Noch befindet sich kein Geld im Topf, aber eine neue Organisation wurde schon mal aus der Taufe gehoben: die „Konsultativgruppe zur Hilfe für die Ärmsten“. Zusagen über 200 Millionen US-Dollar gebe es bereits, sagte der Weltbankvizepräsident und Vorsitzende der Konsultativgruppe, Ismail Serageldin – wenig mehr, als zwei Eurofighter kosten. Zu den Einzahlern gehören die EU-Kommission, die Afrikanische und die Asiatische Entwicklungsbank, Frankreich und die USA. Die Weltbank selbst will 30 Millionen Dollar als Startkapital zuschießen.

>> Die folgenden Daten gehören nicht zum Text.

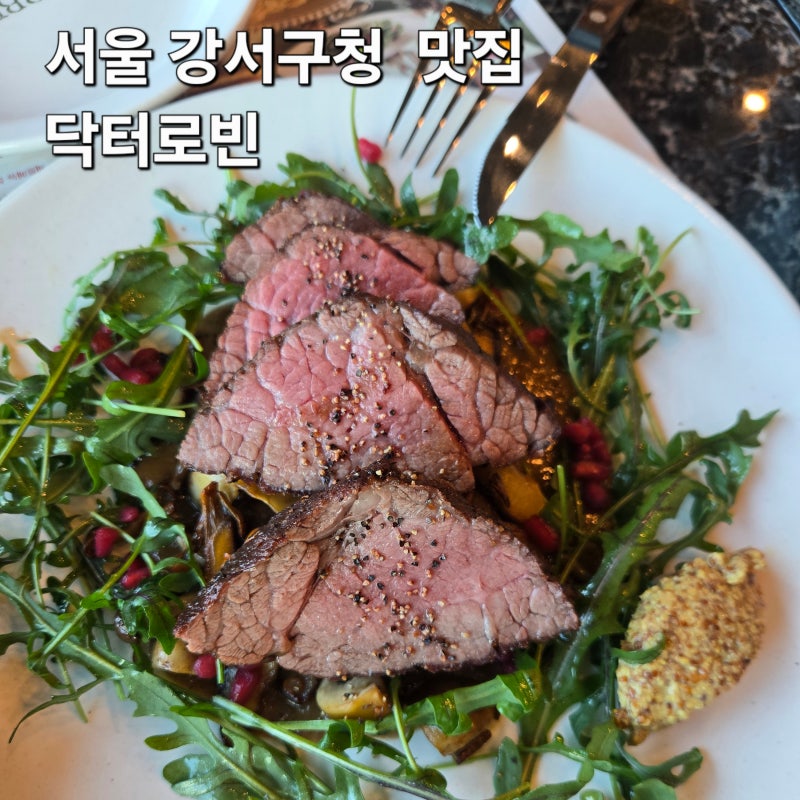 서울 강서구청 맛집 모임장소 닥터로빈 주차 가능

Die Weltbank schließt sich damit an erfolgreiche Vorbilder an, insbesondere die sogenannte Bank der Armen, die Grameen Bank in Bangladesch. Deren Gründer, Muhammad Yunus, sitzt einer Expertenrunde vor, die die neue Beratungsgruppe beraten soll.

Die Konsultativgruppe sieht ihre Aufgabe nicht nur darin, Geld für solche Banken, Kreditkooperativen und regierungsunabhängige Gruppen (NGOs) zur Verfügung zu stellen, die ihrerseits Kleinstkredite an Arme vergeben. Zusätzlich soll sie das Konzept der sogenannten Mikrofinanzierung als Strategie zur Armutsbekämpfung in allen Entwicklungsländern verbreiten. In einem Nebensatz gab Wolfensohn zu, daß die Anfang der 70er Jahre verkündete Armutsorientierung der Weltbank versagte: „Nur wenige Programme haben zu einem längerfristigen Erfolg bei den ganz Armen geführt.“

Die Bundesregierung, von der sich Serageldin 2 Millionen Dollar erhofft, ist bislang nicht mit von der Partie. Im Bundesministerium für wirtschaftliche Zusammenarbeit (BMZ) befinde man sich noch in einem Prozeß der Meinungsbildung. „In der Vergangenheit hat es weniger an Geld gefehlt als vielmehr an geeigneten Projektträgern in den Empfängerländern“, begründet Michael Bauer vom Weltbank-Referat des BMZ die Zurückhaltung. Ähnlich ist die Einschätzung bei deutschen Entwicklungsorganisationen.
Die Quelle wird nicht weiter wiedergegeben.